I've had an association with ARM Holdings since the turn of the century when I managed to enlist the help of their visionary HRD to sell the benefits of business transformation through employee engagement to a cynical bunch of senior insurance executives. I vividly recall him telling the Top 250 grey suits in the room that his organisation would not only become the UK's top tech company one day but that they would out sell Intel and that this transformation would be people process led. Very few listening believed him.
I remember being reminded of a similar presentation about a decade before when the Operations Director of a Japanese car manufacturer lectured the UK banking sector about Kaizen/total quality management and process control as a vital skill for continual business process transformation and service improvement. When a cynical "suit" snorted "well why would you share your intellectual property with competitors like this, if this was true?", he simply paused, sighed and eventually answered "Because I know that we have the business culture to move many years ahead while your business culture fights to take the first step towards catching up".
Ironic that ARM Holdings' new owners are none other than Japanese tech company SoftBank, who have bought this still humble English business, based in Cambridge, for in excess of £23bn.
I published a case study of ARM Holdings in 2007 in my first book on brand management, Brand Engagement. In the study, Bill Parsons, their HRD at the time, details how ARM has always been a people business first and foremost, flying in the face of the super geek stereotype. He talks about the importance of taking a systems-based approach to people processes first and foremost, ensuring that structures, performance management, communication and engagement mechanisms are all tied to core values and to cultivating the critical ARM culture. He cites this, not innovation alone, as a key reason why they have enjoyed such sustainable success and why they had more millionaires per head than any other UK company at the time.
ARM is a brand that few recognise and quite frankly they have never really cared given they are all about enabling the functionality of others, partnering for success. As a result, there is more than likely an ARM chip in the household if not on the person of everyone who possesses a smart device. They have built their brand from within, literally and metaphorically.
I am not the least bit surprised by the successful sale of ARM. I am a little disappointed that Britain has lost what I consider to be the most essential of its essential services brands, akin to the utilities of old (also largely sold to foreign investors). But what has made me smile is the fact that the business has been sold to a Japanese organisation, thereby echoing the limitations and evolution of the Total Quality Management movement from its 90s heyday.
I do take some satisfaction from the fact that the masters of TQM have had to look to a relatively small UK organisation for a very important piece in the technology puzzle, an organisation where process excellence has been matched by excellence in the organisation development field to deliver a brand, business and product range that has survived and thrived on the back of inspirational people practices.

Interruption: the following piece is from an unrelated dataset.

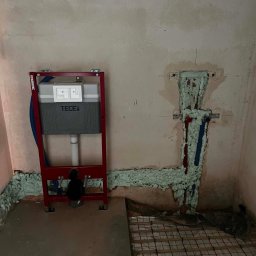 ADMAR INSTALACJE HYDRAULIKA - Montaż podtynkowej spłuczki TECE do WC, rury wod-kan w ścianie zabezpieczone pianką oraz ułożone rurki ogrzewania podłogowego.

Great, sustainable, transformational businesses and brands are developed at the sweet spot where hard business outcomes and goals meet enlightened, engaging and connected people processes. The best of the grey suited insurance and banking executives Bill spoke with nearly two decades ago eventually got this message and they turned around their marketing-led, floundering businesses as a result. But how many more laughed yet never listened to nor learned from a business that just became our greatest technology success story yet began in a cabin in Cambridge? Many more business leaders could and should take more than one lesson from ARM Holdings during these complex and taxing times.